Data items:
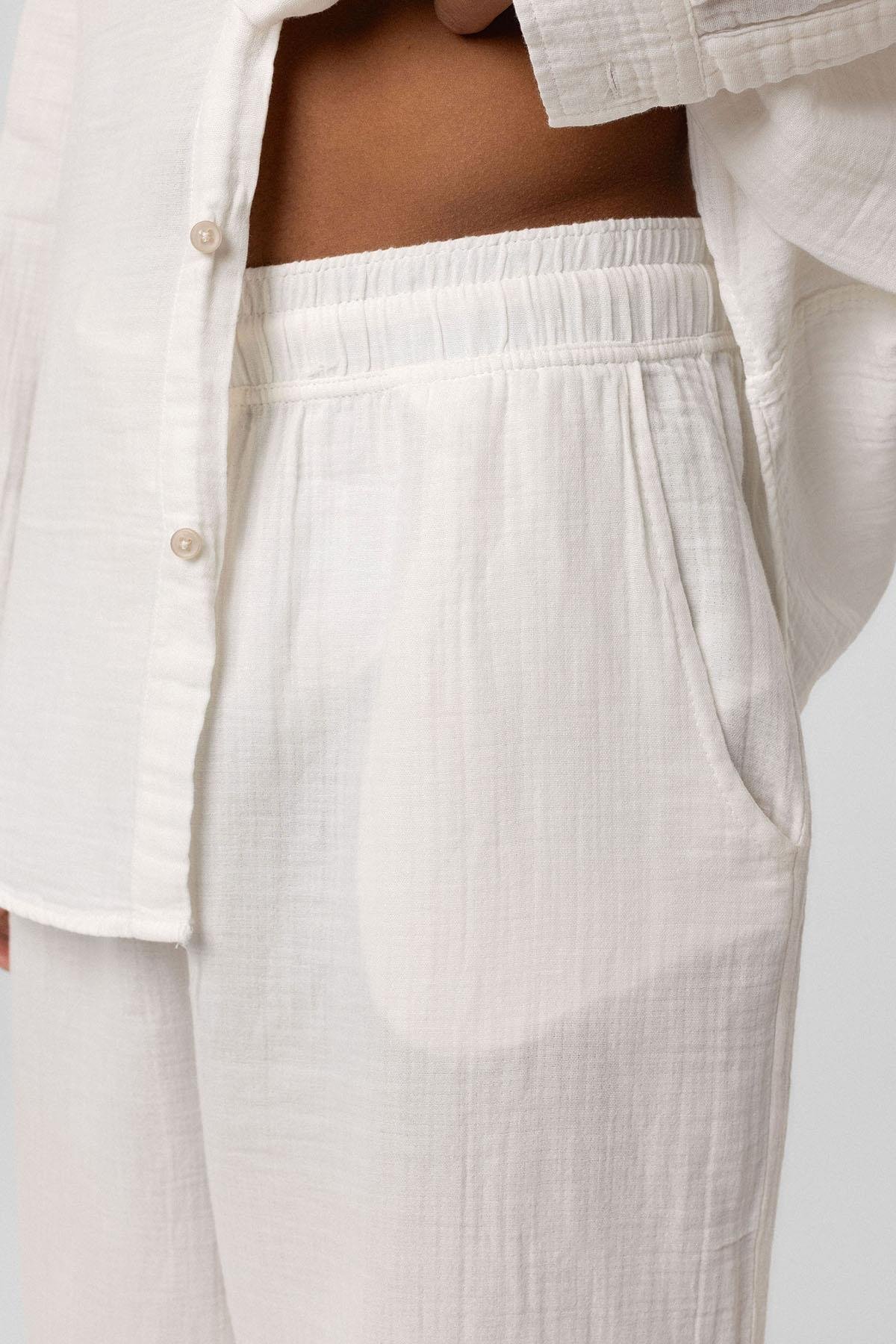 Baggy Fit Müslin Keten Pantolon Ekru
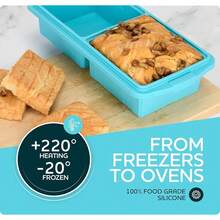 Silicone Freezer Tray With Lid-Soup Freezer Container Molds-2-Cup Extra Large Ice Cube Tray-Makes 4 Perfect 500ml Portions Cubes, For Freezing Soup,Stews,Sauces.Oven&Dishwasher-Safe(2-Pack)-585515 - 2 cốc - Xem 8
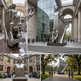 Collage of a large bronze sculpture in various settings, including indoors and outdoors.
Abstract evolution sculpture with figures transitioning from crouched to upright positions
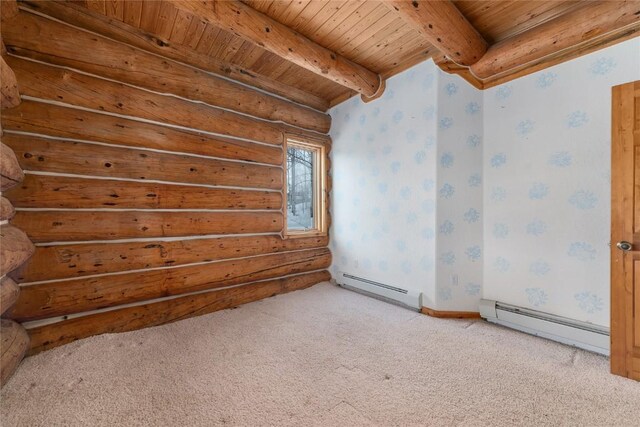 57785 Saturn Ct, Clark, CO 80428 - empty room with a baseboard radiator, wallpapered walls, a wooden ceiling with exposed beams, light colored carpet, and rustic walls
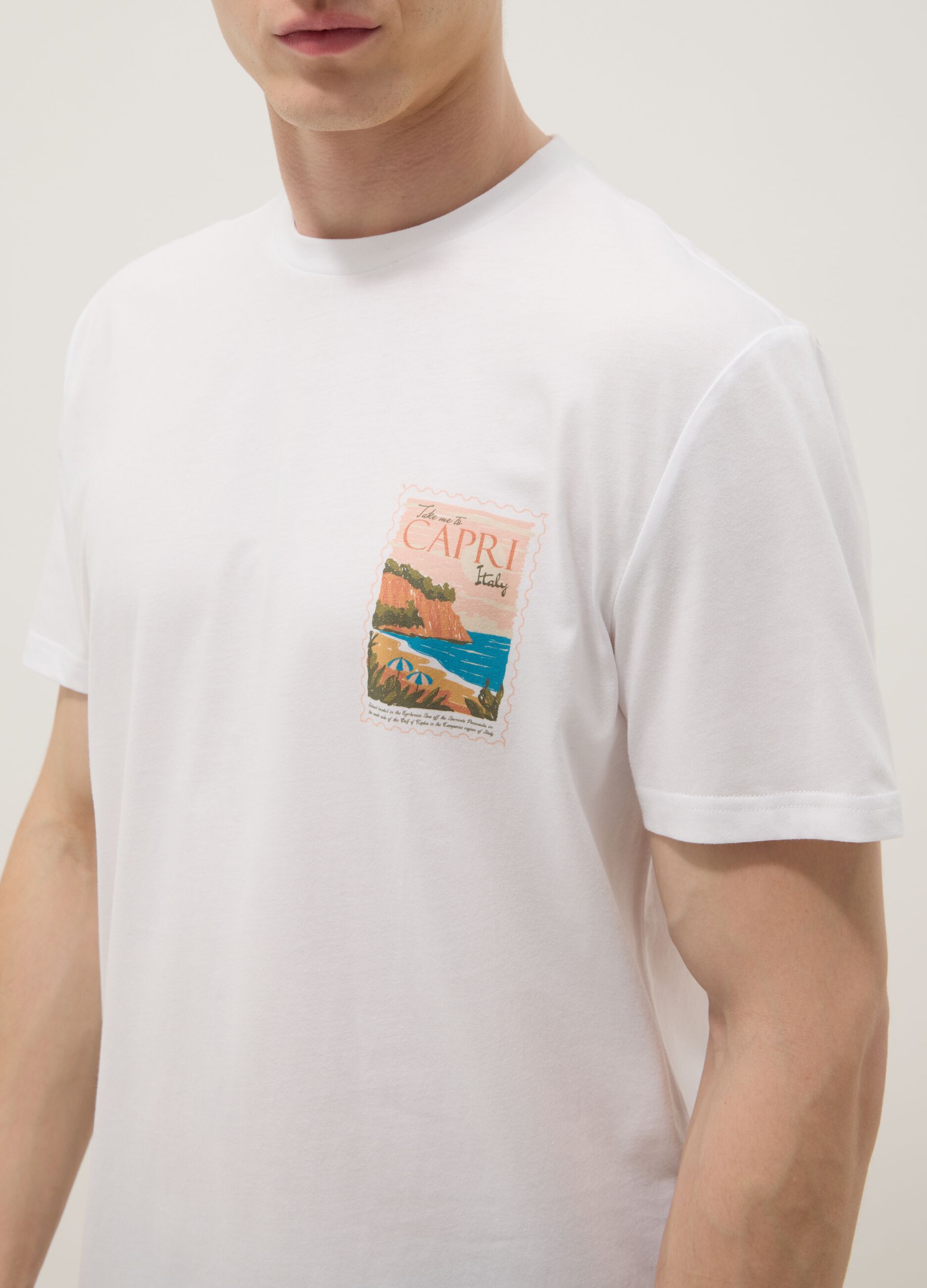 White pure cotton T-shirt with applied print, regular fit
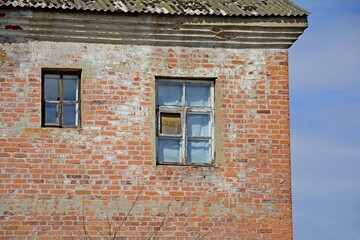 Windows and doors. Village Korenevka in the Gomel region. Gomel region. Belarus.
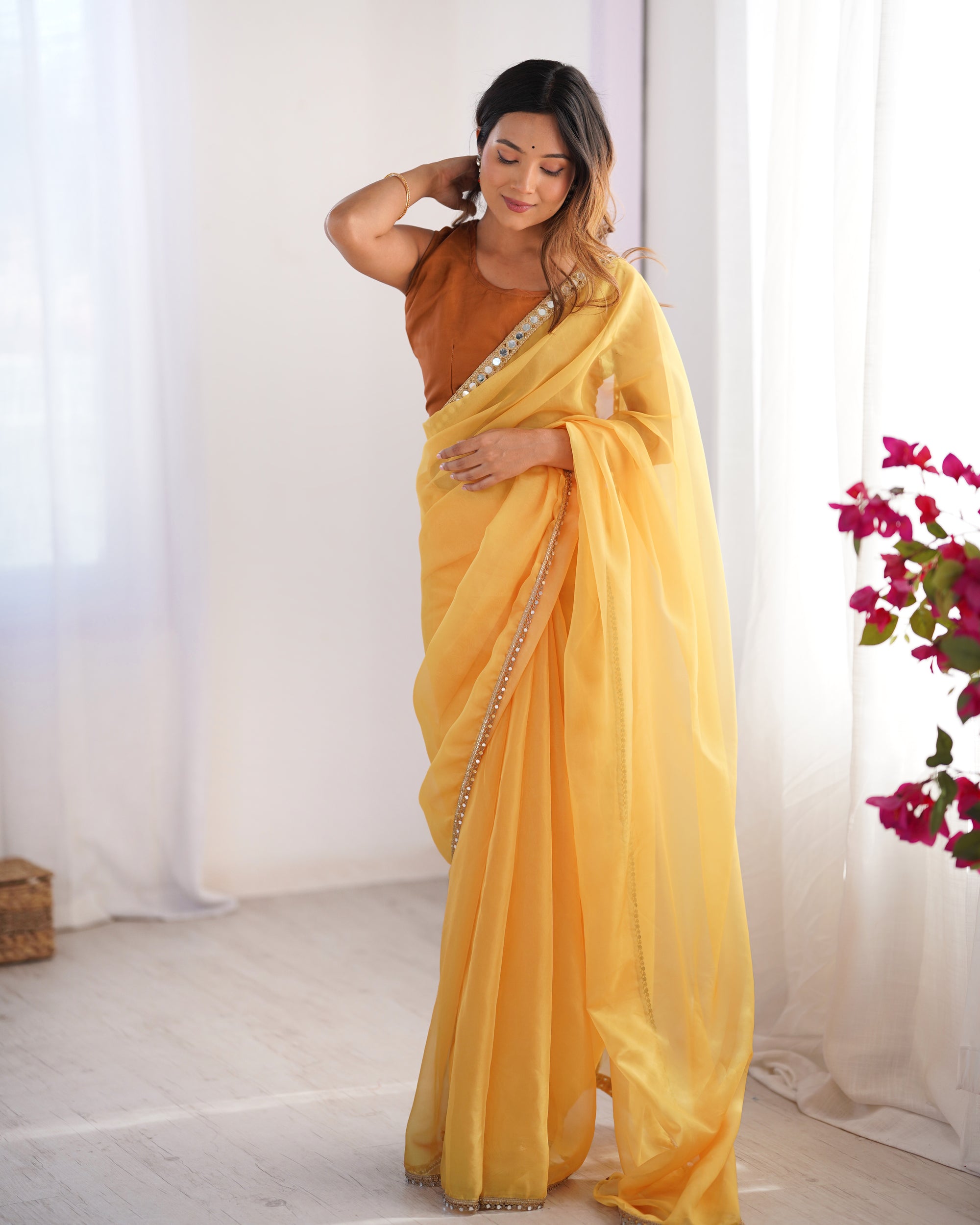 Pink Organza Party Wear Saree | Brown Art Silk Blouse with Designer Printed Work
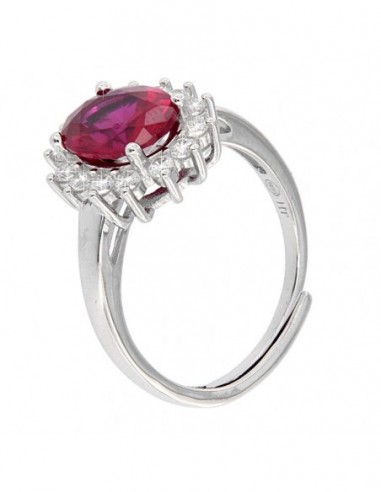 Anello Argento Rodiato Principessa Rosso 9x7MM [aa813572]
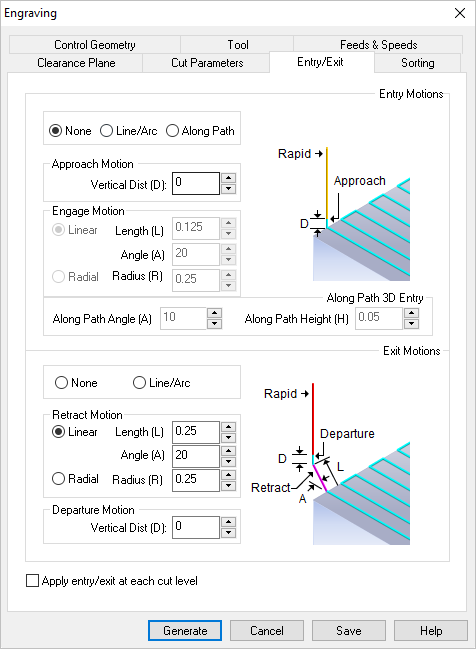Dialog Box: Entry/Exit tab, 2½ Axis Engraving Operations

* **AIM OF THE EXERCISE**: Give back the lines from the one containing "57785 Saturn Ct, Clark, CO" through the last line of the records above exactly as they appear, both included, and no pictures.

* **EXPECTED ANSWER**:
 57785 Saturn Ct, Clark, CO 80428 - empty room with a baseboard radiator, wallpapered walls, a wooden ceiling with exposed beams, light colored carpet, and rustic walls
 White pure cotton T-shirt with applied print, regular fit
 Windows and doors. Village Korenevka in the Gomel region. Gomel region. Belarus.
 Pink Organza Party Wear Saree | Brown Art Silk Blouse with Designer Printed Work
 Anello Argento Rodiato Principessa Rosso 9x7MM [aa813572]
Dialog Box: Entry/Exit tab, 2½ Axis Engraving Operations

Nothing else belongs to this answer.